Die Argumentation, den Prozess habe man eigentlich gewonnen, da zwei Drittel der Kosten auf die KWL entfallen, ist Augenwischerei; denn in der Urteilsbegründung steht, dass sich das Urteil wahrscheinlich materiellrechtlich stärker zugunsten der KWL auswirkt. Die von der Landesregierung angekündigte Berufung ist sicherlich möglich.
Dem Land werden aber dadurch mit Sicherheit zusätzliche Kosten entstehen. Wir haben heute erst eindrucksvoll erlebt, wie knapp in unserem Bundesland das Geld ist. Es wäre nicht zu vermitteln, wenn viel Geld zum Fenster herausgeschmissen wird. Seien Sie sich sicher, dass wir das thematisieren werden.
Ihr Privatisierungswahn, meine Damen und Herren von den Fraktionen von CDU und FDP, wird die Bürger in unserem Land teuer zu stehen kommen. Sie tragen Ihr Unvermögen, einen Haushalt solide zu führen, auf dem Rücken der Menschen in unserem Land aus, indem Sie für steigende Gebühren von morgen sorgen.
Während der Anhörung wurde von Herrn Leindecker für die kommunalen Spitzenverbände zu Recht ausgeführt, dass sich das Land am Gemeinwohl und nicht an kurzfristigen fiskalischen Interessen zu orientieren hat.
Der Vertreter der KWL hat plausibel verdeutlicht, dass ein strategischer Kauf durch private Unternehmen mit einer nachhaltigen und preiswerten Wasserversorgung nicht vereinbar ist und zu einem Interessenkonflikt führen muss; denn private Unternehmen müssen auf die Rendite achten, wenn sie auf dem Markt bestehen wollen.
Meine Damen und Herren! Marktwirtschaft in der Trinkwasserversorgung heißt: Entweder du nimmst das Wasser und zahlst den Preis, oder du lässt es. Wenn irgendetwas in die öffentliche Hand gehört, dann ist es die Trinkwasserversorgung.
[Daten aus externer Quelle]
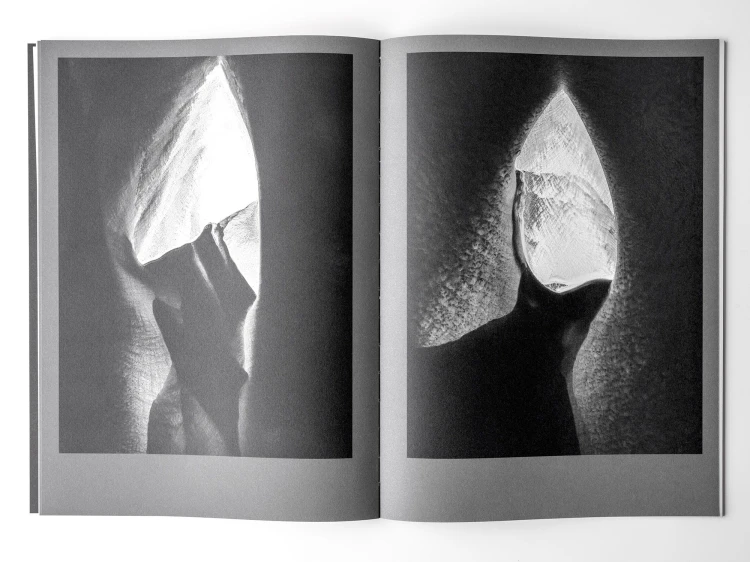 KacperKowalski_Arche-Photobook_08.jpg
Wenn der Begriff der Daseinsvorsorge nicht zur Bedeutungslosigkeit verkommen
soll, dann müssen Aufgaben wie die Trinkwasserversorgung in der Zuständigkeit der öffentlichen Hand bleiben.
Nach dem Jahr 1945 haben die Menschen in der Not Lebensmittel gegen ihre Habseligkeiten getauscht. So mancher Bauer hätte seinen Schweinestall mit Perserteppichen auslegen können. Das alles, meine Damen und Herren, ist Marktwirtschaft pur - eine Marktwirtschaft, in der der Anbieter eine Monopolstellung hat oder das Angebot unter der Nachfrage liegt, sodass fast jeder Preis verlangt werden kann, zumindest bei Gütern, die lebensnotwendig sind.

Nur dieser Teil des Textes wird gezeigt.